Oh, and so would the Press Corps, who were along on the trip. I think Obama's press secretary finally made that point - that they should be concerned about their own health if they are concerned about the President's health.

The rest of the story seems to be that the conspiracy theorists among the Press are simply calling the Mexican authorities liars for saying that the man who died of pneumonia a week after Obama's visit did not have influenza while reporting as factual every other statement from the health authorities in Mexico. They must be some kind of cross between idiots who don't read their own news and racists who would never think to question similar statements from US health professionals.
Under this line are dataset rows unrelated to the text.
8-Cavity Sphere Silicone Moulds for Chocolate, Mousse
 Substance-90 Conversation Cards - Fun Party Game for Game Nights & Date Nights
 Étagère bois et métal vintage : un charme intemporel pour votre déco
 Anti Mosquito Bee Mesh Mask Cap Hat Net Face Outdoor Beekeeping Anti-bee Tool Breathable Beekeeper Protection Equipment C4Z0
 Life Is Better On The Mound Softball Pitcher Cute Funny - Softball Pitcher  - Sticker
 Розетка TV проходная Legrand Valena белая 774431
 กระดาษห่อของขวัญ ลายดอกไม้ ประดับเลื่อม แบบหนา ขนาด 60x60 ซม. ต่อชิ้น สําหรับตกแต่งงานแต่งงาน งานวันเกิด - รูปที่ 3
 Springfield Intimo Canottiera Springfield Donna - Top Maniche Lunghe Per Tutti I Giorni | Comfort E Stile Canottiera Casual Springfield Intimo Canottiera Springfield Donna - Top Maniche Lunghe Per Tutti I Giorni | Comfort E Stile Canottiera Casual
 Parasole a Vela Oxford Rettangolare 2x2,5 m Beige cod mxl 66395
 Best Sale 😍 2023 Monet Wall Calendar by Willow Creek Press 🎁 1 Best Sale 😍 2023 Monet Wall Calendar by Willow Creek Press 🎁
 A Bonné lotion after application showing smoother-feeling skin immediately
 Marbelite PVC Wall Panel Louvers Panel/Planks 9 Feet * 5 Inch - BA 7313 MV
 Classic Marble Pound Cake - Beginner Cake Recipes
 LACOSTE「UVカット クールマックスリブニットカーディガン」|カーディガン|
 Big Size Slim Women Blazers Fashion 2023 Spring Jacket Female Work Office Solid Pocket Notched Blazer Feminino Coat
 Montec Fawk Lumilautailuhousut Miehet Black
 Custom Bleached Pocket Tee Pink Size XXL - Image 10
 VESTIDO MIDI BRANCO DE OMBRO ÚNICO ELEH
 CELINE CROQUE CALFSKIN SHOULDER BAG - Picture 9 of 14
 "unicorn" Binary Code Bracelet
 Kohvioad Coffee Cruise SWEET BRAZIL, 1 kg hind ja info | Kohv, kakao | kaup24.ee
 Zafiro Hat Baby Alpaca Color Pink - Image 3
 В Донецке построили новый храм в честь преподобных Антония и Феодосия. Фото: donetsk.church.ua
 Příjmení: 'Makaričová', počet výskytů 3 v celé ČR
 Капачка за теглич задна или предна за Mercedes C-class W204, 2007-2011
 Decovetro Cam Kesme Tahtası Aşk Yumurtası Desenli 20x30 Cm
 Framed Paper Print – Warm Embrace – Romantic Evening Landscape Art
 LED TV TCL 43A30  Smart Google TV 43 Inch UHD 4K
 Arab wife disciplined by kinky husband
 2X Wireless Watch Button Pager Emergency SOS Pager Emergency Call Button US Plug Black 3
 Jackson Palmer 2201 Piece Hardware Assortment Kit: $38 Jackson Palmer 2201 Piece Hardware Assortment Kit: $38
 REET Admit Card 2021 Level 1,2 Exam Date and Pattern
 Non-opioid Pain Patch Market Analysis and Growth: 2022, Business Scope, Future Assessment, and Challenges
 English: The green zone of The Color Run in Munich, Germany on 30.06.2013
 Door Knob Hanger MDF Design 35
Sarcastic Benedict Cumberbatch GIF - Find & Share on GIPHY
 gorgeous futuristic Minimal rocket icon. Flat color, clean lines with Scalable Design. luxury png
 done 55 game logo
They really need to stick to facts, and help people learn the common sense aspects of public health that are needed to contain the small outbreaks, the difference between the flu and food poisoning, and put particular emphasis on what to do if you think you have been exposed on a trip to Mexico by yourself or an acquaintance.

And they could also explain the role of Evolution in what is taking place.

PS -
I also really like the panic-engendering graphics that color the entire state of Texas in panic yellow or red because it has two (non-fatal) cases of flu somewhere in that huge state. BBC did them one better in this map: they colored all of Canada red for something like 6 confirmed cases.


Read Entire Article......

Thursday, April 23, 2009

Question of the Day Winner

A student asks Rudbeckia Hirta:

"Can you give me permission to fail algebra for a fourth time?"

I really have a hard time keeping a straight face when I get ones like that, but I usually manage to tell them that only a Vice President, on the advice of an appeals committee, can do that. One colleague, however, would preface that with a "Well, bless your heart, sweetie. I'd love to help you out but they just won't let me near the computer since that time when ... well, you might have read about it in the newspaper. You'll have to go to the Office of Academic Inquisitions like everyone else."

That combination of enthusiastic naivete is, sadly, not uncommon. But at least I have the excuse that I am at a CC, with its share of enthusiastically naive students, not at an alleged Flagship University of the State.


Read Entire Article......

Sunday, April 19, 2009

Cool Gift Idea

Ah, the things you can sell to tourists.

Check this out.

Paper made from Wombat scat.

It is said to have a nice organic scent.

Just when you think it can't get any stranger than making coffee from beans that have gone through an animal's digestive system, we get this story!

I wonder when they will start selling it globally, on the internet, rather than just selling it to tourists.


Read Entire Article......

Saturday, April 18, 2009

Teaching and Research

There was a really great article Thursday on the general topic of post docs and their view of what a PI does. It links to several articles that are also worth reading. See them here, here, and here. The last one, by MsPhd, got me into this thread. She also is writing some interesting things about the differences between different levels of R1 programs from the perspective of someone in the bio-med area.

Writing as someone who has done both a long-term soft-money gig (with all of the grants etc that go with that) and the big-time teaching gig (now), I think Prof in Training only left out the service part. Many of the points made in that article were made in the tenure at an R1 article I wrote a few years ago, as well as in a more recent set of comments about an IHE advice article, not to mention another one, commenting on an IHE article about a bad tenure-seeking experience.

And if you want to read even more from me ...

I'll just add one little thing that falls in the dark void between service and teaching: service related to academics when accreditation "reaffirmation" time rolls around. Not only do you have to do all of the things mentioned under teaching (hours of prep for each lecture, evaluating how each lecture worked, writing exams as well as grading them and evaluating how well they did what they were supposed to do), and continue to do them even after 5 or 10 years, but you might have to develop "learning outcomes" and "learning assessments" for courses you and others teach, written like you were a frigging Ed.D bureaucrat. If the words "quality enhancement" don't mean anything to you, ask around. (Oh crap. I just googled "Quality Enhancement Program" and got 3.8 MILLION hits.) Just don't whisper those words (quality enhancement) quietly while standing behind an administrator. Might kill them. Learning Outcomes are going to be the big thing the next time around. We are starting to work on them and we aren't up again for quite a few more years.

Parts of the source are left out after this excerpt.